El arte, desde luego y como siempre, se ha adelantado al evento y ha representado la invención de san Juan en la isla de Patmos —isla: utopía— de multiformes maneras. Fried propone un catálogo. No lo reproduzco. Elijo, inevitable, al Shakespeare de La tempestad (otra isla y van unas cuantas). En música, sólo tres variedades: un oratorio de Spohr (contemporáneo de Beethoven), un amable diluvio de Saint-Saëns y el magnífico Réquiem de guerra, de Britten, porque incluye textos de Wilfred Owen, en cuya mochila de soldado en la guerra mundial de 1914, póstumo, apareció un cuaderno de poemas. Y esta guerra fue en sí misma una versión actualizada del apocalipsis, pues toda una civilización se vio ante la imagen de su propio final, con fuego real y cadáveres igualmente reales. Literatura, cine y artes plásticas abundaron en ella. Baste recordar la antología de la poesía expresionista de Kurt Pinthus (1919), donde tempranamente se hizo a la traducción poética el joven Borges. Quiero decir que la imagen apocalíptica había cruzado el océano.

Con esto llegamos a la almendra del libro, donde Fried se pregunta por qué, en este mundo moderno, transmoderno o posmoderno que incluye lo que vagamente él denomina el «Oeste» (¿Occidente?), la presencia apocalíptica sigue afectando a nuestro imaginario. Sea por la bomba de neutrones, por el pop y el rock, la novela policiaca o la meramente trivial, o sea, por incursiones a campos más restringidos y elevados.

John Richard Gott III (vaya nombre: Juan Ricardo Dios III) discurre sobre la pequeñez de la Tierra para contener a una creciente población, humana e inhumana, lo cual haría impensable la supervivencia de nuestros cercanos descendientes y su compañía. Acaso en otro planeta similar de una galaxia similar se podría efectuar la migración. Fried piensa que siempre cabe el hallazgo de nuevos refugios o nichos —impertinente palabra: un nicho suele contener un cadáver— donde prolongar la vida de las especies. Más ambiciosos, algunos físicos acuden, con científico utillaje, a las antiguas cosmologías cíclicas. Max Tegmark arriesga la hipótesis de que no hay un solo universo sino multiversos, con unos cosmos parecidos y/o distintos del nuestro que, por definición, es único por ser uno. Los posibles demás, repitiendo la figuración barroca de Spinoza, serían quizás infinitos, lo cual borra la posibilidad del apocalipsis. Paul Steinhardt, en cambio, prefiere pensar un universo sometido a la teoría de la fuga (una palabra musical, si se quiere, que da la razón a los pitagóricos). Su vida está asegurada por una sucesión infinita de estallidos y desvanecimientos. Se ve que la tentación de la infinitud permanece, rememorando la vacilación de Einstein: puede ser/no ser finito/infinito.

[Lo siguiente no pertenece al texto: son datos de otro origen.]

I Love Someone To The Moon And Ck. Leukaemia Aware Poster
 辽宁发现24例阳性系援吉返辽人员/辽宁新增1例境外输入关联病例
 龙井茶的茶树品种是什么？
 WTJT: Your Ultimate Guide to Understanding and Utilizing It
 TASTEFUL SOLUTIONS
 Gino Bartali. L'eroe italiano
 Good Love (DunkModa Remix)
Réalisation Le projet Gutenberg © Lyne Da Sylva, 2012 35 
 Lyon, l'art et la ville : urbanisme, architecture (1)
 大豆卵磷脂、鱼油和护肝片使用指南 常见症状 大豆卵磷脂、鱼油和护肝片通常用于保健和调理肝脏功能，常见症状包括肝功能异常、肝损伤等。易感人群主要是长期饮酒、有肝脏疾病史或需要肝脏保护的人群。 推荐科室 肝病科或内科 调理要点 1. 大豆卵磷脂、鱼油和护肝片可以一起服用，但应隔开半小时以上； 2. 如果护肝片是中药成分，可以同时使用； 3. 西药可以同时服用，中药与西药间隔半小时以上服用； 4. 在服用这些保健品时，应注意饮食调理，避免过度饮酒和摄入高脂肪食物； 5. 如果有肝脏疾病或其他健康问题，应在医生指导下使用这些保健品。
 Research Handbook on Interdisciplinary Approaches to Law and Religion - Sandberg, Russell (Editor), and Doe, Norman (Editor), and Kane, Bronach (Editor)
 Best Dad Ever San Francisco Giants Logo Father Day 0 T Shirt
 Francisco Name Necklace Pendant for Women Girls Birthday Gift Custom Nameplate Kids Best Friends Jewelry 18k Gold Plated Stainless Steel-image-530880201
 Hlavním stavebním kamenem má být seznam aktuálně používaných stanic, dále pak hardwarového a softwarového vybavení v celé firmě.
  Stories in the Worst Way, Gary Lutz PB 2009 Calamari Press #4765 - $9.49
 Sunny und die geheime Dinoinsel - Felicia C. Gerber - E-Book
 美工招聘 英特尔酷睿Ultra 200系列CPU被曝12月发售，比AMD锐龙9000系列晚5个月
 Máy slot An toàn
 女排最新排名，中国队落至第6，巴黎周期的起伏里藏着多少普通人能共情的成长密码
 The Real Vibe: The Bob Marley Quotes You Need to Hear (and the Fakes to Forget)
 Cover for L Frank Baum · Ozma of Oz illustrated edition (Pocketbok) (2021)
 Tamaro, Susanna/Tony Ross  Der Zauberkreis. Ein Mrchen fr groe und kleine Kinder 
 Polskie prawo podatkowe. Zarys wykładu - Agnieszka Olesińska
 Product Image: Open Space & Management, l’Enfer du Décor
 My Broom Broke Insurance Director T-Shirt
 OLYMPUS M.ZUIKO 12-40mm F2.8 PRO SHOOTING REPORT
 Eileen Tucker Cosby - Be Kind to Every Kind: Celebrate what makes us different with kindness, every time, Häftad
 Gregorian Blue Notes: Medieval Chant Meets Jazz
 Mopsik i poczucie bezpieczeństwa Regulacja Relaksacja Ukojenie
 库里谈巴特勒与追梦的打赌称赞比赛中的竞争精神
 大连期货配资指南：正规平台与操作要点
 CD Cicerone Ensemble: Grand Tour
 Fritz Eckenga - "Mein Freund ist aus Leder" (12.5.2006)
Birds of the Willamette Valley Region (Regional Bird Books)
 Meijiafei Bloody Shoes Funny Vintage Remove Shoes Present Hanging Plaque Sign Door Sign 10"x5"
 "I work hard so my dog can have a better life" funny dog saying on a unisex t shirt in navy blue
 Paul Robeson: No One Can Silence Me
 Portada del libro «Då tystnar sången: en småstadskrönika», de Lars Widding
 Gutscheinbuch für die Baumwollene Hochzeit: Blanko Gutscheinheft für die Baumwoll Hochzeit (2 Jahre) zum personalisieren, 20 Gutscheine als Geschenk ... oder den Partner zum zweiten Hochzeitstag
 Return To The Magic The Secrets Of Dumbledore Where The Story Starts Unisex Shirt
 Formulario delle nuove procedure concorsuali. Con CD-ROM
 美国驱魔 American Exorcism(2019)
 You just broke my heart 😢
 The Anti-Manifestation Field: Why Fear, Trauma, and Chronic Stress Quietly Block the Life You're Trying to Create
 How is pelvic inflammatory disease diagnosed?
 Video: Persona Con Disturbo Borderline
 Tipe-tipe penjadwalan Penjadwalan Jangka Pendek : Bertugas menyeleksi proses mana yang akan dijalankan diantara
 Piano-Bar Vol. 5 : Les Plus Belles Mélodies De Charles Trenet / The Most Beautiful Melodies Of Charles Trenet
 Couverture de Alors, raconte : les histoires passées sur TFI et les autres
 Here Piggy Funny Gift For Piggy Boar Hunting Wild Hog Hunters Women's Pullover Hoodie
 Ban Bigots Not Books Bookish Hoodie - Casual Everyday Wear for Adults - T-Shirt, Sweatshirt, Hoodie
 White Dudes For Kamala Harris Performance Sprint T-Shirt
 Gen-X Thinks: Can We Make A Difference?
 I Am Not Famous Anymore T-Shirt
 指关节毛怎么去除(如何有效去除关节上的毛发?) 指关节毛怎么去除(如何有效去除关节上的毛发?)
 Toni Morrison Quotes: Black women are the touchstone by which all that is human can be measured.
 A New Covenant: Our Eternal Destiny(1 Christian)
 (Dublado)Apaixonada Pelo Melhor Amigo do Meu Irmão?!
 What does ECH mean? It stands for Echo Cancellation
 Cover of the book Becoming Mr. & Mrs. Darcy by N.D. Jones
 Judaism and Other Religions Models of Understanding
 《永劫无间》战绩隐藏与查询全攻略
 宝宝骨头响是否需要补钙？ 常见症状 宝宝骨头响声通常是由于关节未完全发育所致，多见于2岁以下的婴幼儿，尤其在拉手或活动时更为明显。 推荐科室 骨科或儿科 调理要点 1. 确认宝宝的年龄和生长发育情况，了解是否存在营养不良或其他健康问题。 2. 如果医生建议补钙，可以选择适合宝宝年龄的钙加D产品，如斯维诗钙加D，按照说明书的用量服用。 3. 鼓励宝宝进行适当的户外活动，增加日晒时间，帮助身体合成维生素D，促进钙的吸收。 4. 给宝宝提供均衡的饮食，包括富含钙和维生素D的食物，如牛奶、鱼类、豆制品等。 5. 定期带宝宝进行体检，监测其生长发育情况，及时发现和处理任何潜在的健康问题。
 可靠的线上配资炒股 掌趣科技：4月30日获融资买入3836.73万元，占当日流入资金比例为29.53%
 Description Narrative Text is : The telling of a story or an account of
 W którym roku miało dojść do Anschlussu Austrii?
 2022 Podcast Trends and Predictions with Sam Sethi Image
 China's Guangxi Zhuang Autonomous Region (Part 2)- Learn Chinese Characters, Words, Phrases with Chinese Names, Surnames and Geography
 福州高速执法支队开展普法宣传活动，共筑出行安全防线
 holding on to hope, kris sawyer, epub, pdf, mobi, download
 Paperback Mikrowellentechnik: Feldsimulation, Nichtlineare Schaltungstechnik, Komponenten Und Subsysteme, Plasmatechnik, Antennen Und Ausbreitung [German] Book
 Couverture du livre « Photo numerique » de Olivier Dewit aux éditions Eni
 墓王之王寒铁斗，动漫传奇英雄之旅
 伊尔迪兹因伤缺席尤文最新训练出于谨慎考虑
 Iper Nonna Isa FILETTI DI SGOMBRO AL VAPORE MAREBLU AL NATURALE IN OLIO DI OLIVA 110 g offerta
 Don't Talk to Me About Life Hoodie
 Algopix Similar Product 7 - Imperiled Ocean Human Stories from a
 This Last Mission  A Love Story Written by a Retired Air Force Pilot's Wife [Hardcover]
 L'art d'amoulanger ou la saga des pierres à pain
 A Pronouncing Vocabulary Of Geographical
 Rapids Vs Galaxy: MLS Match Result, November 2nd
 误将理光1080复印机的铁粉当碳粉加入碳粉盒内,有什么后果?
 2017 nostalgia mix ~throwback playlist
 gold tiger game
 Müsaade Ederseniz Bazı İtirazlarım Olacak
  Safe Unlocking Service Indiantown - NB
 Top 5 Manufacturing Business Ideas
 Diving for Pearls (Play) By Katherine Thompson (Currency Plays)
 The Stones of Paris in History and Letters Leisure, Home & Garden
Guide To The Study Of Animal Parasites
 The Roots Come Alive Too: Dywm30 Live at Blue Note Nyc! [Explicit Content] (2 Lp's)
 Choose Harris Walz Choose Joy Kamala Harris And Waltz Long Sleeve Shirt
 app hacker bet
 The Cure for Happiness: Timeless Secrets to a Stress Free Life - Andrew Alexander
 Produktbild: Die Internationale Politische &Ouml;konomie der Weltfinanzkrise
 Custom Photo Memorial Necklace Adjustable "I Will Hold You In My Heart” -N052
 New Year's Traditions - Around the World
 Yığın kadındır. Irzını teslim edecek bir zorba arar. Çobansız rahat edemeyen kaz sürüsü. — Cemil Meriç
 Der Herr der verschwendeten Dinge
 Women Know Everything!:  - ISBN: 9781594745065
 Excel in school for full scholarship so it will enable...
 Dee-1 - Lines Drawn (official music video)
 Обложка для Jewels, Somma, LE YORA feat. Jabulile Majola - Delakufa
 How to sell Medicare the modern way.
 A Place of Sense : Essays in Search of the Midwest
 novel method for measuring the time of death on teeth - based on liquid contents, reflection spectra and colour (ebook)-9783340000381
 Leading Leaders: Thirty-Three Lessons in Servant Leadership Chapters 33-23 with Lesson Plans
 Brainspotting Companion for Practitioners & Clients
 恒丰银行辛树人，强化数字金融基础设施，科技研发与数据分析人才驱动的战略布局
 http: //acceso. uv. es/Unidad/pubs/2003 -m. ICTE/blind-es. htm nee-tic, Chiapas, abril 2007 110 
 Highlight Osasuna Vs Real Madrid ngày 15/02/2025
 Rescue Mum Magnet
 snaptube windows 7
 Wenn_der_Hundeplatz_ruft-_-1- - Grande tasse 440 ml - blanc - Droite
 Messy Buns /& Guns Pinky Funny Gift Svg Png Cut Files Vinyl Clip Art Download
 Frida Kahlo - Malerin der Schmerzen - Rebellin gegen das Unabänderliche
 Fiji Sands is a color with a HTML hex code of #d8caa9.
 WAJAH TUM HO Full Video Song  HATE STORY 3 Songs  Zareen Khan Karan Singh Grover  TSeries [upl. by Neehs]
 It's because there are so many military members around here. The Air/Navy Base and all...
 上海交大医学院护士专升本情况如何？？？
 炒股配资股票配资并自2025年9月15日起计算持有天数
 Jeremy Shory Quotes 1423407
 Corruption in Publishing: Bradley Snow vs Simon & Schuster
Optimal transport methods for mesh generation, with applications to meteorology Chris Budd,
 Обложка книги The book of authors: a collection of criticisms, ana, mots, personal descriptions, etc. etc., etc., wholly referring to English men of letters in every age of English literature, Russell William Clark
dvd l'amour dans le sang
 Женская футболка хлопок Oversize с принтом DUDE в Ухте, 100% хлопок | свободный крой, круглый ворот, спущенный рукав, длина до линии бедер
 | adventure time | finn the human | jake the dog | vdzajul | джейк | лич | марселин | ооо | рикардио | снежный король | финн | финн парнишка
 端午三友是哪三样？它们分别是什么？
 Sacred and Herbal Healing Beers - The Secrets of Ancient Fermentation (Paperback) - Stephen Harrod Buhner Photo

Las alternativas suenan, ante cualquier lector profano como quien suscribe, a literatura fantástica. Queda en pie una inmemorial inquietud del hombre: su vida, la nuestra, depende de la subsistencia del mundo. El futuro pende del escepticismo o la credulidad. Fried es creyente y espera, con paciencia y esperanza. Yo divago: si desaparecemos sobre una Tierra que siempre consideramos la nuestra, ¿quién contará la historia del final?